With over 80% of TAM’s output devoted to airport buses, Zhao is well versed in customer preferences for airport transportation. Stability, quality and safety are prioritised in TAM’s VivAir series of airport buses, offering five standard and one VIP version available to IATA and airport safety regulations. With a convenient Slovenian location, compliance with EU manufacturing regulation is guaranteed and all European airports are within easy reach of cost-efficient delivery and maintenance.

In the three years since its takeover by China Hi-Tech Group Corporation, TAM has made use of the conglomerate’s expertise to mature into a major competitor with Cobus and other players. For Zhao, however, the market waits for no one, and he constantly looks ahead for inspiration.

"R&D should drive product growth," he says. "Regardless of competitors’ operations, we must constantly change to be better."

Green growth

Zhao sees the ‘going green’ trend as crucial, from consumer cars to public buses, and he is determined to get ahead within TAM’s own industry of airport transport.

"Soon, most countries will mandate further airport-emission reductions," he says. "It’s hard to limit aircraft emissions because of their fuel, so reducing emissions will involve airport vehicles and equipment, and low-emission vehicles will be crucial. That’s where R&D is crucial, and that’s why we already have plans for an EV [electric] airport bus."

As well as allowing greener transport within airports, Zhao believes that TAM’s EV bus and other innovation in sustainable technology can help the company grow its existing coach business and expand into new markets, like public transport. He views green technology as a potential leveller within the transport industry, where big players haven’t yet established a strong foothold.
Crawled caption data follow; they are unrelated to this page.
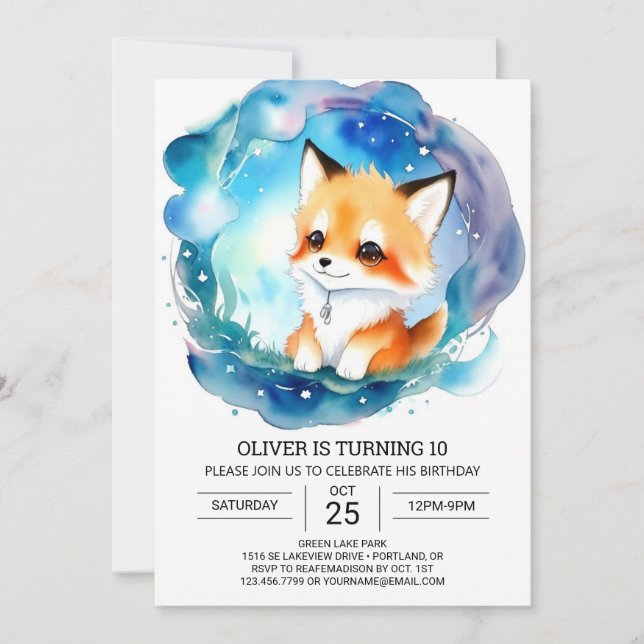 Invitation Fennec Fox Birthday Adventure (Devant)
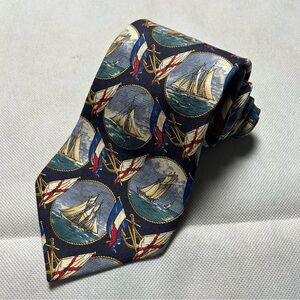 Vintage Tommy Hilfiger silk nautical ships tie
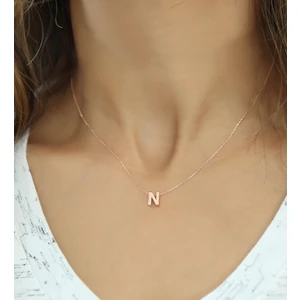 Papatya Silver Gümüş 3 Boyutlu N Harf Kolye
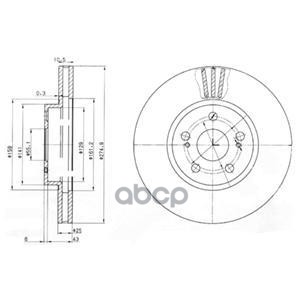 Диск Тормозной (Спереди) Toyota Allion (T240) 01-07 / Caldina (T240) 02-07 / Premio 01-07 / Scion Tc Delphi арт. BG3823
He emphasises, however, that if TAM is to compete with such players as Mercedes, Volvo and Ford, it must become a leader.

"It’s a great opportunity to join the list of bus and transportation suppliers," he says. "But we not only have to keep up; we must also be faster."

He hopes, too, that knowledge gained in these sectors can boost what is and will remain TAM’s mainstay – the airport bus.

Make the connection

It isn’t just green technology that interests Zhao – nor does he believe that suppliers should limit their outlook: "We’re very conservative, as an industry. We’re still focusing on ‘making the bus’ and, until recently, I don’t think any of us had considered what it actually means to the operator or passengers during their ten minutes on board.

"At TAM, we’re now thinking about this; everything is changing with new technology and, if you lack the vision, you’ll get left behind."

Zhao recognises the potential impact of forthcoming 5G technology, for example, which will see devices, machines and people more connected than ever via the internet of things. This brings revenue potential to operators, he says.

"What can this big, full bus bring to the operator and passenger when it’s connected? Can we provide a platform for communication and advertising to companies seeking to advertise in the airport? It’s a big question. And, with new technology, TAM can realise it."